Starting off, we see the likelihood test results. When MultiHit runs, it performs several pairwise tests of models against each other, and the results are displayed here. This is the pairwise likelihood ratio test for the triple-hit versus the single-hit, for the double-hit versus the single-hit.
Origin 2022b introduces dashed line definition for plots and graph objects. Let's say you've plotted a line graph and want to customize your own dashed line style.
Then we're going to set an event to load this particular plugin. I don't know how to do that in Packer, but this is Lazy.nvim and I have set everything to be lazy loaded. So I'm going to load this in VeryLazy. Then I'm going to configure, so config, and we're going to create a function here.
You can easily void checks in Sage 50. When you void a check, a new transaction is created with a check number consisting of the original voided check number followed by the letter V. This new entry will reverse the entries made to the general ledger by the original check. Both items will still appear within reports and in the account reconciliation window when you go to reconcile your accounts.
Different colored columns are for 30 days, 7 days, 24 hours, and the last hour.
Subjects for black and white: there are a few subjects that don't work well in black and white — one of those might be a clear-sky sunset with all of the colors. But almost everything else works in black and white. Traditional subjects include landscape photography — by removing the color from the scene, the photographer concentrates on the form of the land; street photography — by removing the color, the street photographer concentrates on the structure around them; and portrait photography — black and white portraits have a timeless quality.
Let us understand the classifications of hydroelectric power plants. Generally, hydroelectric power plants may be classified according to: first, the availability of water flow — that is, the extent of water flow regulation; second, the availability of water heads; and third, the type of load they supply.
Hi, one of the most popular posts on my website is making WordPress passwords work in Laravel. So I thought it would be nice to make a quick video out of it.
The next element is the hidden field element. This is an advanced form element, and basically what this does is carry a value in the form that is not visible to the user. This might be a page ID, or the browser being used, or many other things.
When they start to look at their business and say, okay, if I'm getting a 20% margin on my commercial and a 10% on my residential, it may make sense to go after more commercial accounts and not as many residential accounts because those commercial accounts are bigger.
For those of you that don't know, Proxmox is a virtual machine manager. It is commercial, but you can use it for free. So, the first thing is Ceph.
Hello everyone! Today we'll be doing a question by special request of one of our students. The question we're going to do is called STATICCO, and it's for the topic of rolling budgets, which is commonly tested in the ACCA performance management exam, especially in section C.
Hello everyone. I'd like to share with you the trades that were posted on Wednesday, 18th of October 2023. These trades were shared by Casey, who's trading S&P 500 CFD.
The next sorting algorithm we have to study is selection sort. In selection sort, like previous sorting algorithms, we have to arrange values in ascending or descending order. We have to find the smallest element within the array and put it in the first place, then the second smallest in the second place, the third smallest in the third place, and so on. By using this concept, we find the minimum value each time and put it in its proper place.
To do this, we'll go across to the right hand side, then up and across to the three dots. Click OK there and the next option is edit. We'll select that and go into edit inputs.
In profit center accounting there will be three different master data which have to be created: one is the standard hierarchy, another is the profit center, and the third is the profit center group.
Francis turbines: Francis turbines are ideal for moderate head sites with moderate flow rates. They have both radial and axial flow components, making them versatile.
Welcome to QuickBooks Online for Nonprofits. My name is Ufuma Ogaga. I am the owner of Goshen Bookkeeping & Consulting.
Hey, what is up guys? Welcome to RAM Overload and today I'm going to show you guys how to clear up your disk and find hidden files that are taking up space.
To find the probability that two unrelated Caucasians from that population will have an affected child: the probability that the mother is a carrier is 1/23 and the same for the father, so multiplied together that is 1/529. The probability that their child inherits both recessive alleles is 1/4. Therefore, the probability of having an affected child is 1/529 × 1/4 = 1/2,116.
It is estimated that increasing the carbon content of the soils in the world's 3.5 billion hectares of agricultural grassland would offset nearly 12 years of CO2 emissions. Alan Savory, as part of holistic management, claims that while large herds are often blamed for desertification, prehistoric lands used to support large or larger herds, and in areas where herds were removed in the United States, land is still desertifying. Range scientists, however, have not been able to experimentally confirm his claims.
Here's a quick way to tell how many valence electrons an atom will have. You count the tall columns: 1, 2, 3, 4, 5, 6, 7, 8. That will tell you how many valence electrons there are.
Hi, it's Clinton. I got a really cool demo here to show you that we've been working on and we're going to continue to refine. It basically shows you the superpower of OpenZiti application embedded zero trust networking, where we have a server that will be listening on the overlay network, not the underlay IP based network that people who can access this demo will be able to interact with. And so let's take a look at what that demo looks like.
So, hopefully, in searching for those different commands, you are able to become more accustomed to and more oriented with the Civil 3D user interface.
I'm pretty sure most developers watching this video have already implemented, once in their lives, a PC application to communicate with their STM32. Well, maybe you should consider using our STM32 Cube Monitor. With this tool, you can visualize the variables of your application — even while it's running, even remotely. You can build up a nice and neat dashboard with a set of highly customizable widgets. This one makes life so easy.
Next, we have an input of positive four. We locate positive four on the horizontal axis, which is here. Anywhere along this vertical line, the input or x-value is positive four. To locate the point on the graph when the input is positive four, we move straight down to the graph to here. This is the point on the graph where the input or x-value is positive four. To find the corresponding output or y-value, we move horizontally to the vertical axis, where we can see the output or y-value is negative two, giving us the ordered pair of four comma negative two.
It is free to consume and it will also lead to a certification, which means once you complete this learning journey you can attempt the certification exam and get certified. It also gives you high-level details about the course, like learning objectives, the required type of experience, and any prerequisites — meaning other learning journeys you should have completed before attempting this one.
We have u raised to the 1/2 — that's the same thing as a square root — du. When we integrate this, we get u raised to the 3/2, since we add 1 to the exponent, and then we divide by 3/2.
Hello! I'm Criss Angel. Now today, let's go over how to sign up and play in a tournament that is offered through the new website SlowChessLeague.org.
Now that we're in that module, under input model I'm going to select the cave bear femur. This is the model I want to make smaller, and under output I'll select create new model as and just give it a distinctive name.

Exercise objective:
Once the listing above has been read, restate it exactly.

Answer area:
Starting off, we see the likelihood test results. When MultiHit runs, it performs several pairwise tests of models against each other, and the results are displayed here. This is the pairwise likelihood ratio test for the triple-hit versus the single-hit, for the double-hit versus the single-hit.
Origin 2022b introduces dashed line definition for plots and graph objects. Let's say you've plotted a line graph and want to customize your own dashed line style.
Then we're going to set an event to load this particular plugin. I don't know how to do that in Packer, but this is Lazy.nvim and I have set everything to be lazy loaded. So I'm going to load this in VeryLazy. Then I'm going to configure, so config, and we're going to create a function here.
You can easily void checks in Sage 50. When you void a check, a new transaction is created with a check number consisting of the original voided check number followed by the letter V. This new entry will reverse the entries made to the general ledger by the original check. Both items will still appear within reports and in the account reconciliation window when you go to reconcile your accounts.
Different colored columns are for 30 days, 7 days, 24 hours, and the last hour.
Subjects for black and white: there are a few subjects that don't work well in black and white — one of those might be a clear-sky sunset with all of the colors. But almost everything else works in black and white. Traditional subjects include landscape photography — by removing the color from the scene, the photographer concentrates on the form of the land; street photography — by removing the color, the street photographer concentrates on the structure around them; and portrait photography — black and white portraits have a timeless quality.
Let us understand the classifications of hydroelectric power plants. Generally, hydroelectric power plants may be classified according to: first, the availability of water flow — that is, the extent of water flow regulation; second, the availability of water heads; and third, the type of load they supply.
Hi, one of the most popular posts on my website is making WordPress passwords work in Laravel. So I thought it would be nice to make a quick video out of it.
The next element is the hidden field element. This is an advanced form element, and basically what this does is carry a value in the form that is not visible to the user. This might be a page ID, or the browser being used, or many other things.
When they start to look at their business and say, okay, if I'm getting a 20% margin on my commercial and a 10% on my residential, it may make sense to go after more commercial accounts and not as many residential accounts because those commercial accounts are bigger.
For those of you that don't know, Proxmox is a virtual machine manager. It is commercial, but you can use it for free. So, the first thing is Ceph.
Hello everyone! Today we'll be doing a question by special request of one of our students. The question we're going to do is called STATICCO, and it's for the topic of rolling budgets, which is commonly tested in the ACCA performance management exam, especially in section C.
Hello everyone. I'd like to share with you the trades that were posted on Wednesday, 18th of October 2023. These trades were shared by Casey, who's trading S&P 500 CFD.
The next sorting algorithm we have to study is selection sort. In selection sort, like previous sorting algorithms, we have to arrange values in ascending or descending order. We have to find the smallest element within the array and put it in the first place, then the second smallest in the second place, the third smallest in the third place, and so on. By using this concept, we find the minimum value each time and put it in its proper place.
To do this, we'll go across to the right hand side, then up and across to the three dots. Click OK there and the next option is edit. We'll select that and go into edit inputs.
In profit center accounting there will be three different master data which have to be created: one is the standard hierarchy, another is the profit center, and the third is the profit center group.
Francis turbines: Francis turbines are ideal for moderate head sites with moderate flow rates. They have both radial and axial flow components, making them versatile.
Welcome to QuickBooks Online for Nonprofits. My name is Ufuma Ogaga. I am the owner of Goshen Bookkeeping & Consulting.
Hey, what is up guys? Welcome to RAM Overload and today I'm going to show you guys how to clear up your disk and find hidden files that are taking up space.
To find the probability that two unrelated Caucasians from that population will have an affected child: the probability that the mother is a carrier is 1/23 and the same for the father, so multiplied together that is 1/529. The probability that their child inherits both recessive alleles is 1/4. Therefore, the probability of having an affected child is 1/529 × 1/4 = 1/2,116.
It is estimated that increasing the carbon content of the soils in the world's 3.5 billion hectares of agricultural grassland would offset nearly 12 years of CO2 emissions. Alan Savory, as part of holistic management, claims that while large herds are often blamed for desertification, prehistoric lands used to support large or larger herds, and in areas where herds were removed in the United States, land is still desertifying. Range scientists, however, have not been able to experimentally confirm his claims.
Here's a quick way to tell how many valence electrons an atom will have. You count the tall columns: 1, 2, 3, 4, 5, 6, 7, 8. That will tell you how many valence electrons there are.
Hi, it's Clinton. I got a really cool demo here to show you that we've been working on and we're going to continue to refine. It basically shows you the superpower of OpenZiti application embedded zero trust networking, where we have a server that will be listening on the overlay network, not the underlay IP based network that people who can access this demo will be able to interact with. And so let's take a look at what that demo looks like.
So, hopefully, in searching for those different commands, you are able to become more accustomed to and more oriented with the Civil 3D user interface.
I'm pretty sure most developers watching this video have already implemented, once in their lives, a PC application to communicate with their STM32. Well, maybe you should consider using our STM32 Cube Monitor. With this tool, you can visualize the variables of your application — even while it's running, even remotely. You can build up a nice and neat dashboard with a set of highly customizable widgets. This one makes life so easy.
Next, we have an input of positive four. We locate positive four on the horizontal axis, which is here. Anywhere along this vertical line, the input or x-value is positive four. To locate the point on the graph when the input is positive four, we move straight down to the graph to here. This is the point on the graph where the input or x-value is positive four. To find the corresponding output or y-value, we move horizontally to the vertical axis, where we can see the output or y-value is negative two, giving us the ordered pair of four comma negative two.
It is free to consume and it will also lead to a certification, which means once you complete this learning journey you can attempt the certification exam and get certified. It also gives you high-level details about the course, like learning objectives, the required type of experience, and any prerequisites — meaning other learning journeys you should have completed before attempting this one.
We have u raised to the 1/2 — that's the same thing as a square root — du. When we integrate this, we get u raised to the 3/2, since we add 1 to the exponent, and then we divide by 3/2.
Hello! I'm Criss Angel. Now today, let's go over how to sign up and play in a tournament that is offered through the new website SlowChessLeague.org.
Now that we're in that module, under input model I'm going to select the cave bear femur. This is the model I want to make smaller, and under output I'll select create new model as and just give it a distinctive name.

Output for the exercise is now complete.